’Heavy Tech’ Investing Key To Harm Prevention, Says FCA

July 19, 2022
The UK’s financial watchdog has increasingly been investing in data and technology to reduce consumer harm and intervene more effectively, said its chief executive in a US speech.

The UK’s financial watchdog has increasingly been investing in data and technology to reduce consumer harm and intervene more effectively, said its chief executive in a US speech.

In a speech at the US Peterson Institute of International Economics, Nikhil Rathi, chief executive of the UK’s Financial Conduct Authority (FCA), explained that the regulator has “invested heavily in data and technology” to root out bad actors and regulate for the future.

According to Rathi, who came into the role in 2020, the regulator is redesigning its operational platform to adapt better and collaborate.

This will mean addressing threats, mitigating shocks and embracing opportunities, instead of addressing issues such as significant harm or risk after it has become embedded.

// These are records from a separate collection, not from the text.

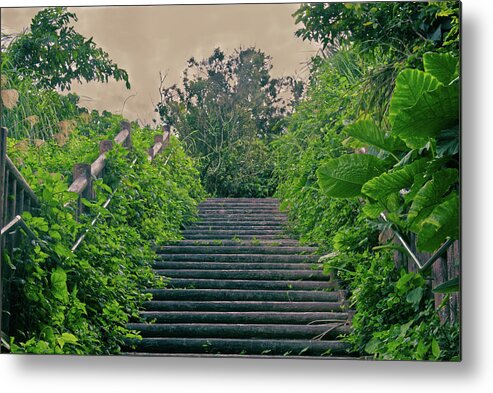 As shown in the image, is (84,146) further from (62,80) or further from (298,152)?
(298,152)

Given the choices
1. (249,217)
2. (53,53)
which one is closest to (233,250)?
(249,217)

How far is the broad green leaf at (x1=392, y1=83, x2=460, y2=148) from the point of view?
10.6ft

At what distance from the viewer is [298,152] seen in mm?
3764

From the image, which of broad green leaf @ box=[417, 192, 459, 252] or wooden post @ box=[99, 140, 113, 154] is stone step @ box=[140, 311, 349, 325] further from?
wooden post @ box=[99, 140, 113, 154]

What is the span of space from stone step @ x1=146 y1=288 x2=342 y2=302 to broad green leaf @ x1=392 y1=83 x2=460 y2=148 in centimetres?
82

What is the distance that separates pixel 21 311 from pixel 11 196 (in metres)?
0.50

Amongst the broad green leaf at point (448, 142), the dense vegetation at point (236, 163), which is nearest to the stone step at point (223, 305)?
the dense vegetation at point (236, 163)

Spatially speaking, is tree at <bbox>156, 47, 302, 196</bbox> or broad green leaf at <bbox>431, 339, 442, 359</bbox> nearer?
broad green leaf at <bbox>431, 339, 442, 359</bbox>

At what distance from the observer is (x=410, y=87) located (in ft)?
10.7

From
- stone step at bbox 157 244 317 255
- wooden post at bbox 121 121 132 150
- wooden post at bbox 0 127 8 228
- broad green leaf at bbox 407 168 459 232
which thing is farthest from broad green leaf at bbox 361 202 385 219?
wooden post at bbox 0 127 8 228

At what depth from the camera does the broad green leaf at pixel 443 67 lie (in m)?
3.44

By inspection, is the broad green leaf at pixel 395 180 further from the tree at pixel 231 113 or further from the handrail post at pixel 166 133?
the handrail post at pixel 166 133

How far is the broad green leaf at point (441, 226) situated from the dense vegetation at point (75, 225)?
1.03 metres

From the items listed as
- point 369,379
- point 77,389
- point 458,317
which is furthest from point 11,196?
point 458,317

So far, this has included transferring 50,000 firms that it supervises across to cloud technology, as well as using analytical tools to speed up case management.

The FCA is also automatically scanning 100,000 websites every day for fraudulent or scam activity targeting UK consumers, while also taking down hundreds of these sites every year.

“There is and must remain a laser focus on the quality of data coming in, in the first place, and this is an area where we are holding firms increasingly to account,” said Rathi.

The FCA is examining what potential systemic risks are posed by the UK’s financial services sector’s reliance upon the resilience of services provided by a small number of critical third parties, including cloud providers.

The regulator will soon publish a joint discussion paper with the Bank of England setting out potential new measures, he said, adding that he sees cross-border cooperation as key.

Rathi also used the speech to tout greater UK-US cooperation on crypto-assets.

The UK and US held talks as part of the US-UK Financial Innovation Partnership in London recently. “We agreed to deepen ties on financial innovation after exchanging views on crypto-asset regulation and market developments, including in relation to stablecoins and the exploration of central bank digital currencies.”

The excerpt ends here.